Institut de Sociologie Prénomiale
Sujet analysé
Jean-Pierre
Petit point d'histoire : Jean-Pierre vient de l'hébreu Yohanan et veut dire « Dieu fait grâce ».
état civil : masculin
Portrait général
Petit indice textile : « Jea » ouvre le prénom, comme Jean — le jean de l'état civil français. Coupe droite, increvable, porté depuis Jeanne d'Arc — alors Jean-Pierre défend les valeurs sûres pendant que les modes défilent, et gagne à l'usure. Petit indice de grammaire : « re », le préfixe de refaire, revenir et redire, s'est installé à la FIN du prénom. Alors Jean-Pierre rediffuse ses meilleures histoires — et honnêtement, elles s'améliorent à chaque passage, comme un bon film le dimanche soir.
Triple dose de E, niveau rarement observé — jean-Pierre enchaîne les projets comme d'autres enchaînent les épisodes. La petite explication : le E du prénom — E comme énergie, en approvisionnement illimité. Chez Jean-Pierre, ce n'est plus un trait, c'est un mode de vie.

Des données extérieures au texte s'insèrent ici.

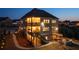 Aerial view of this home showcasing its outdoor decks, stone patio, fire pit, and manicured landscaping at 4440 Croftshire Pl, Cumming, GA 30040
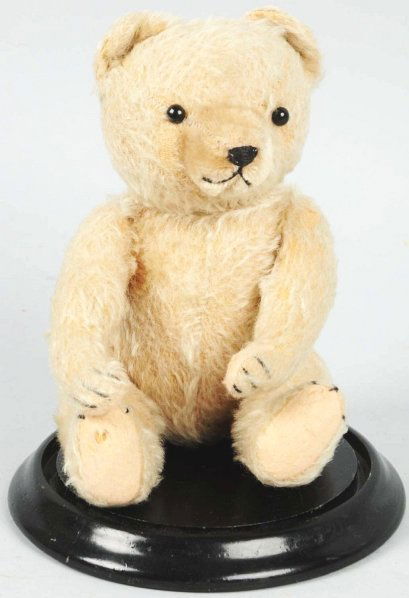 Early Straw-Filled Teddy Bear.: German. Unusual colored bear from the original owner. Very little wear overall with one small hole on the bottom pad of right foot. Also, some missing hair. Comes with vintage glass dome. Condition (E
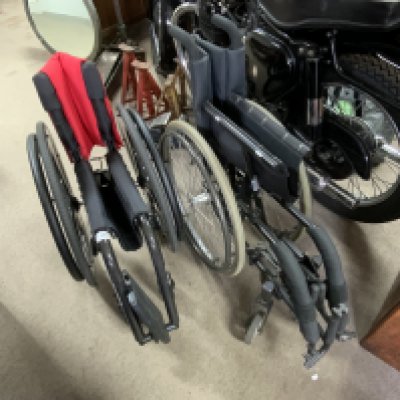 A Carbon Fibre Kuschsall wheelchair together with an additional wheelchair.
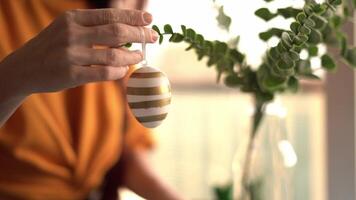 A person holding an egg with a gold stripe on it video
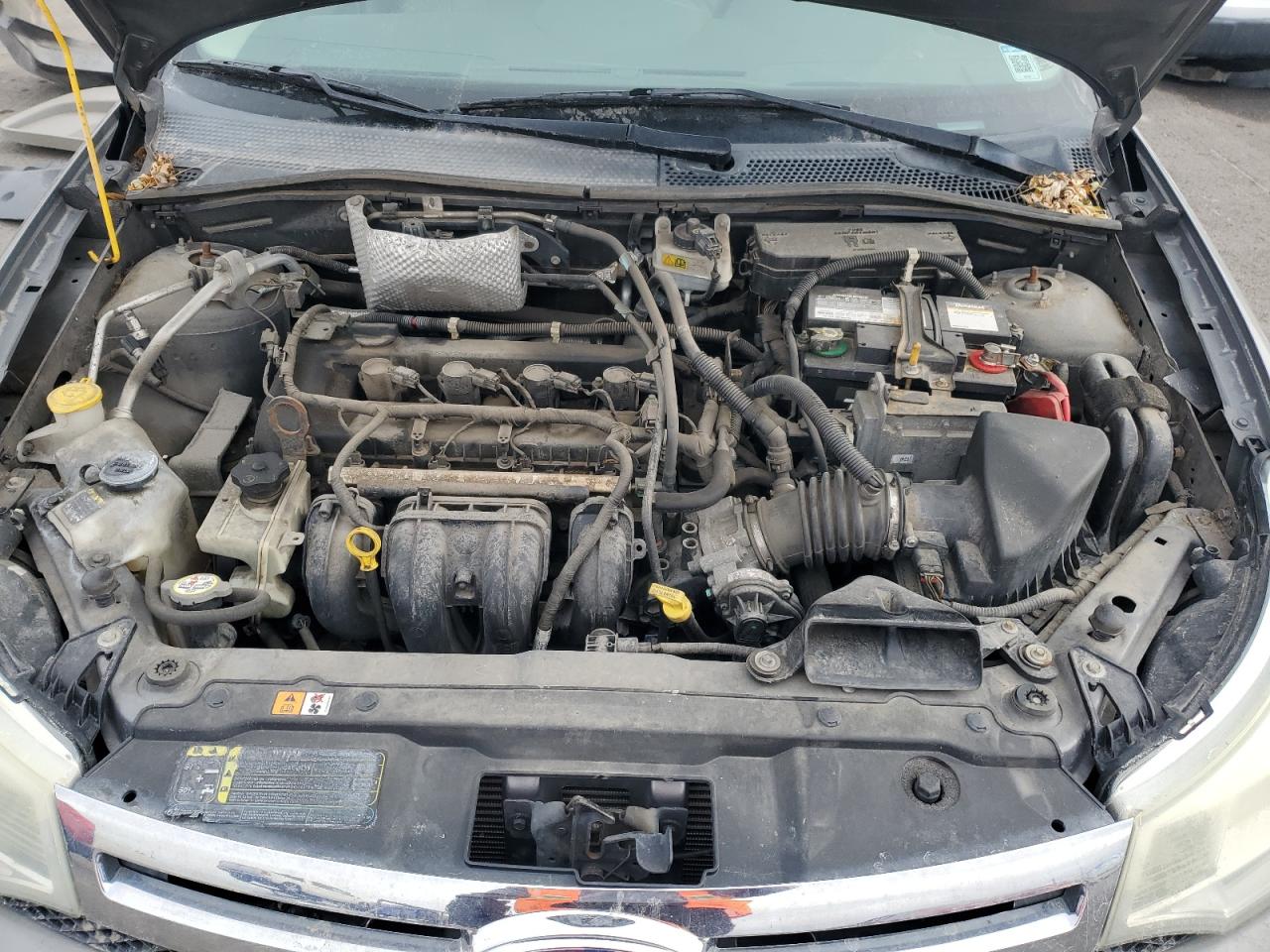2009 Ford Focus VIN 1FAHP37N79W116961 Copart auction photo, all over damage thumbnail 11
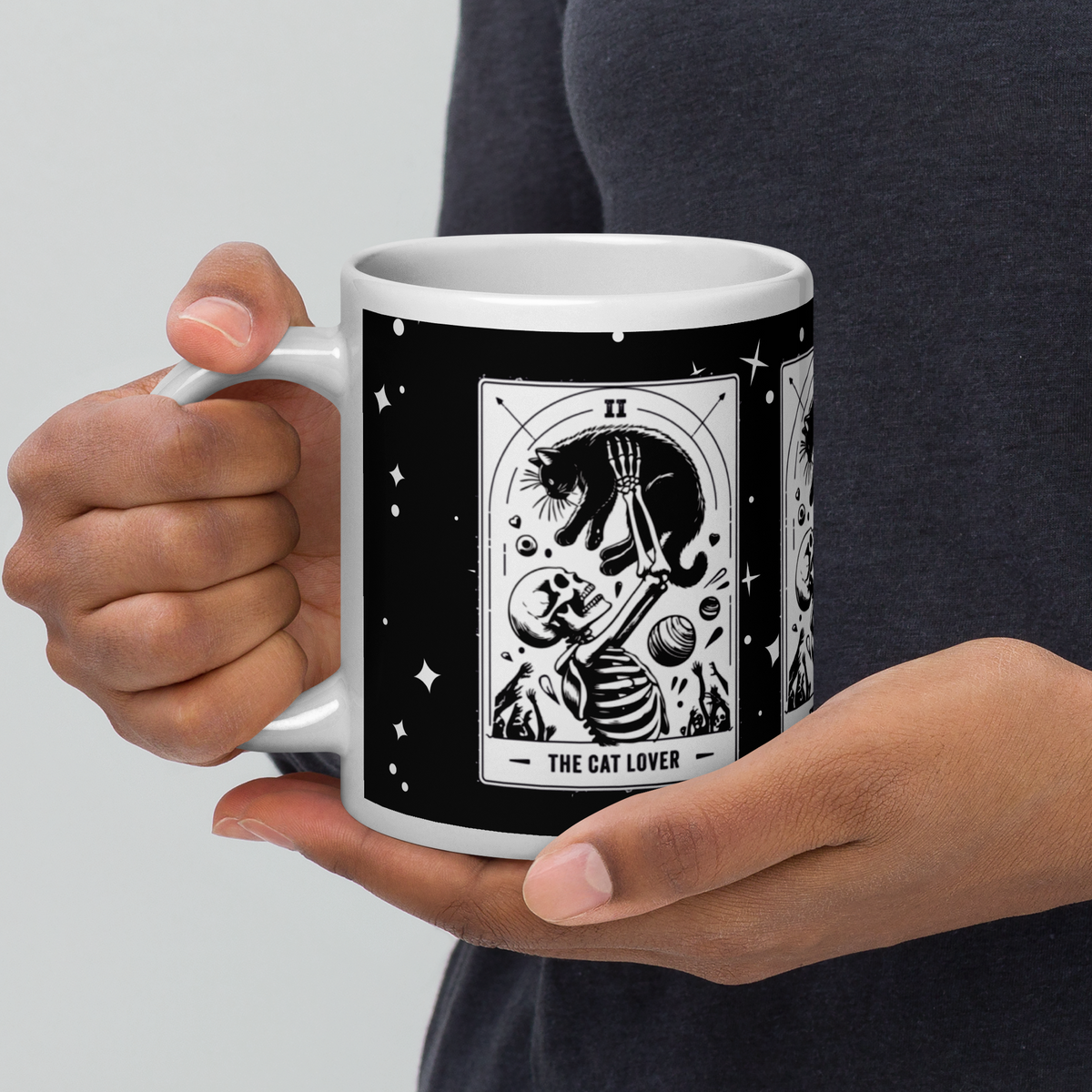 A person holding a white ceramic mug with a black wraparound graphic featuring a tarot card illustration labeled 'THE CAT LOVER.' The person is wearing a dark gray shirt against a light gray studio background.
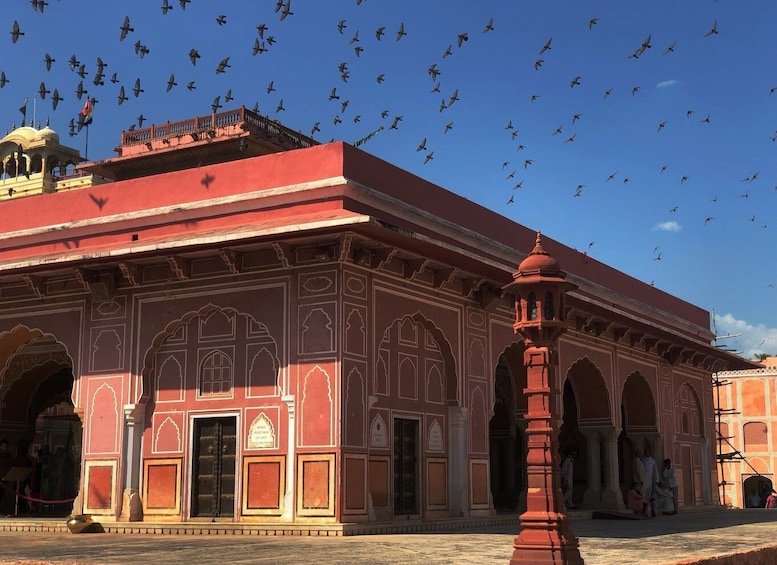 A historic building with intricate architecture and a large number of birds flying in the sky. 2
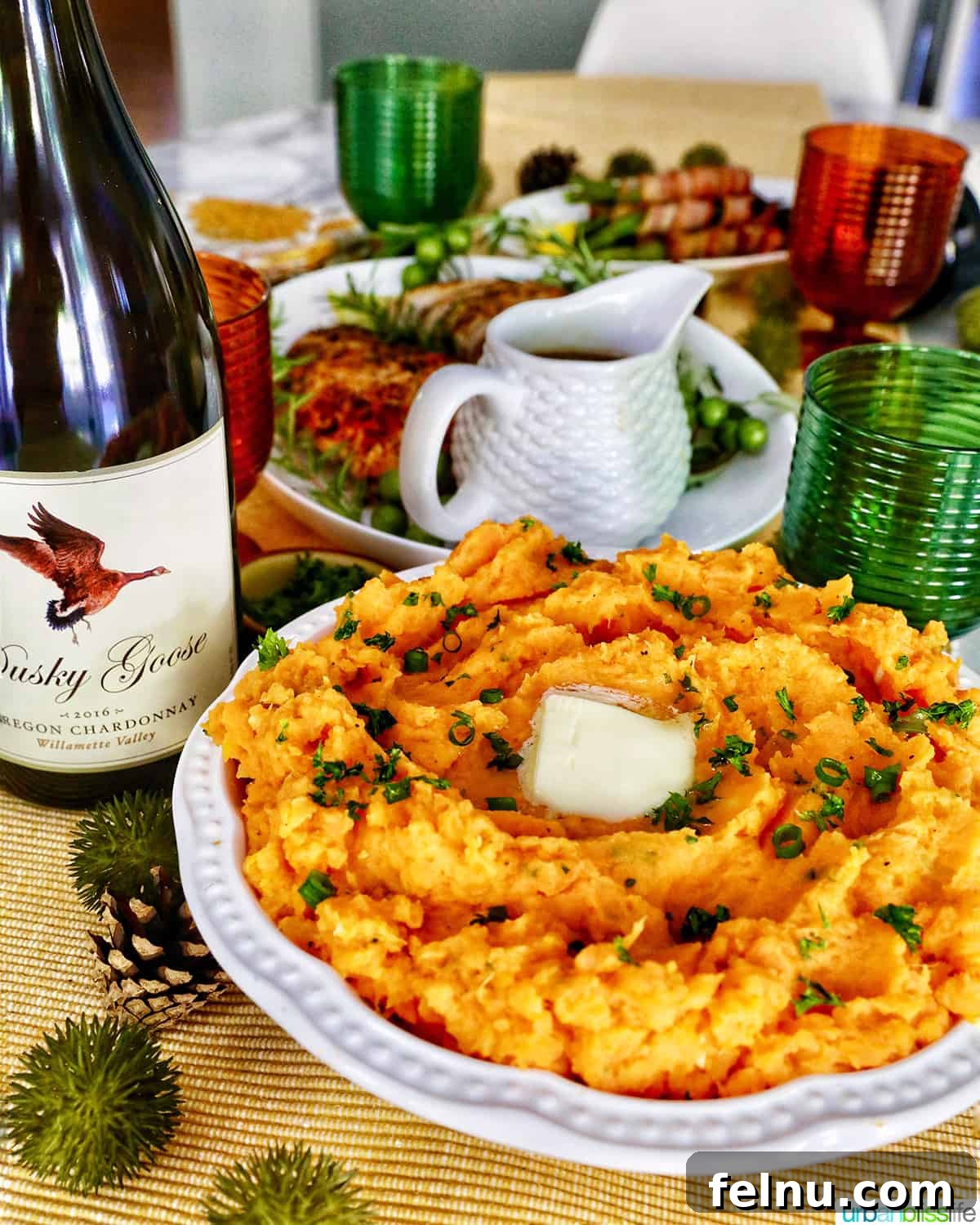 Silky Sweet Potato Puree 12 mashed sweet potatoes in a bowl in front of a bottle of dusky goose oregon Chardonnay and a table set for Thanksgiving.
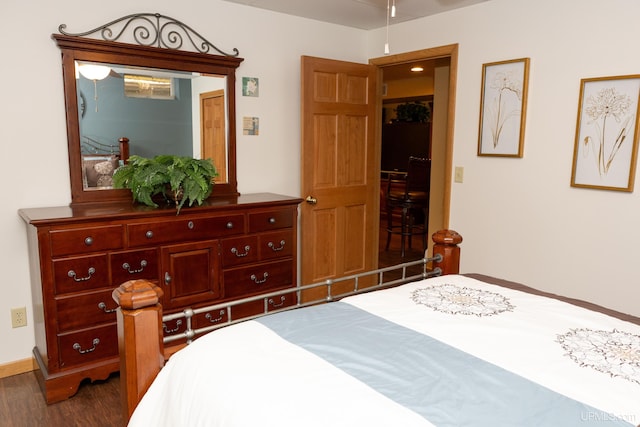 bedroom featuring dark wood-type flooring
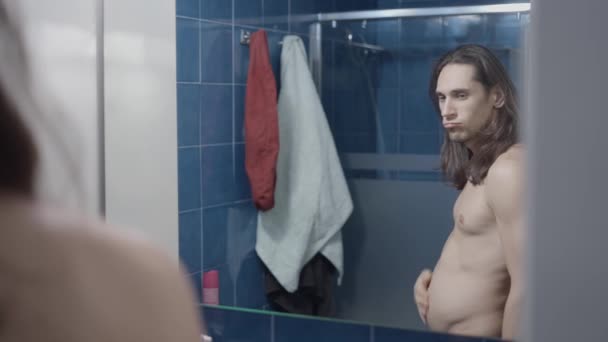 Fiatal fitt férfi nézi a hasát a fürdőszoba tükörben - középső lövés — Stock videók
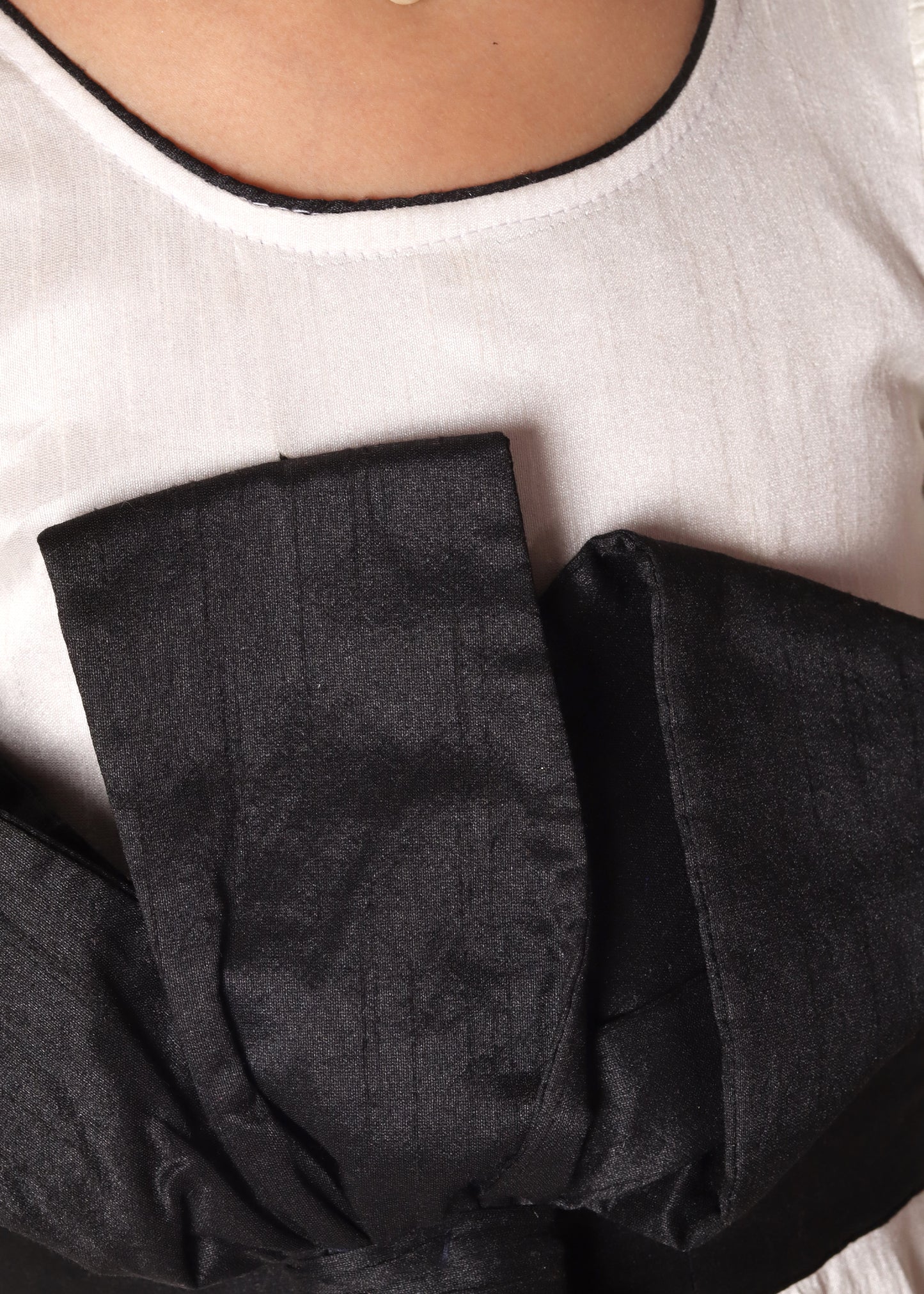 Close-up of a large black bow detail on a white girl's dress, highlighting the elegant design and contrasting colors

Sur la balance, énergie pèse le plus lourd et classicisme assumé complète — l'équilibre Jean-Pierre, breveté et non reproductible. Prénom composé, en plus : Jean-Pierre vit en colocation avec soi. Chaque choix passe par un vote intérieur à deux voix — et parfois les deux ne sont pas d'accord.
Travail
prédominante : numérologie
Jean-Pierre voit où le projet sera dans cinq ans, et s'agace poliment que personne d'autre ne le voie. Sous l'influence du 11, nombre maître : le visionnaire. Deux options — suivre tout de suite, ou admettre dans cinq ans que Jean-Pierre avait raison.
Amour
prédominante : étymologie
Jean-Pierre ne dit pas « je t'aime » à la légère : quand c'est dit, c'est tenu, y compris dix ans plus tard. Une parole donnée reste donnée. Cela vient sûrement de la racine hébraïque du prénom — la langue des alliances et des promesses.
Amitié
prédominante : initiale + voyelles
Jean-Pierre se retrouve dans toutes les bandes : impossible d'organiser quoi que ce soit sans tomber sur Jean-Pierre déjà au courant. Nous pouvons l'observer grâce à la voyelle dominante, un E — la lettre qu'on retrouve dans tous les mots. Jean-Pierre entre en soirée comme un courant d'air : personne n'a vu Jean-Pierre arriver, tout le monde découvre Jean-Pierre déjà là, déjà au courant de tout. Cela est dû à l'initiale du prénom, une fricative — un son qui se faufile. Les potes ont arrêté de demander « t'es là depuis quand ? »
Famille
prédominante : lettre dominante + consonnes
Dans la famille, Jean-Pierre tient le poste d'énergie. C'est l'effet du E, la lettre qui pèse le plus lourd dans le prénom : E comme énergie. Personne n'a voté, tout le monde s'est adapté. Jean-Pierre est aussi l'élément tampon des repas : la personne qui change de sujet au bon moment. Tout le monde lui doit au moins un dîner sauvé. Cela est dû à l'ossature du prénom, équilibrée — moitié souffle, moitié structure.
Argent
prédominante : longueur + syllabes + rareté
Jean-Pierre vit en grand : générosité non plafonnée, panier moyen ambitieux, extension automatique de tout. Jean-Pierre achète en gros, en lot, et connaît le prix au kilo de tout. Cela est dû au rythme du prénom, compact : beaucoup de lettres pour peu de syllabes — du stock. Jean-Pierre entretient un rapport à l'argent fiable, régulier — dividendes modestes mais réels. Cela est dû à la cote INSEE : Jean-Pierre est une valeur solide du CAC prénoms, installée, sans volatilité.
Compatibilité
prédominante : deux prénoms — en préparation
Jean-Pierre + la personne de ton choix : le labo croisera bientôt les deux dossiers complets — attirance, points de friction, verdict tamponné.
Verdict du laboratoire
En tête des mesures : énergie. Juste derrière : classicisme assumé. Ingérable sur le papier, indispensable en vrai.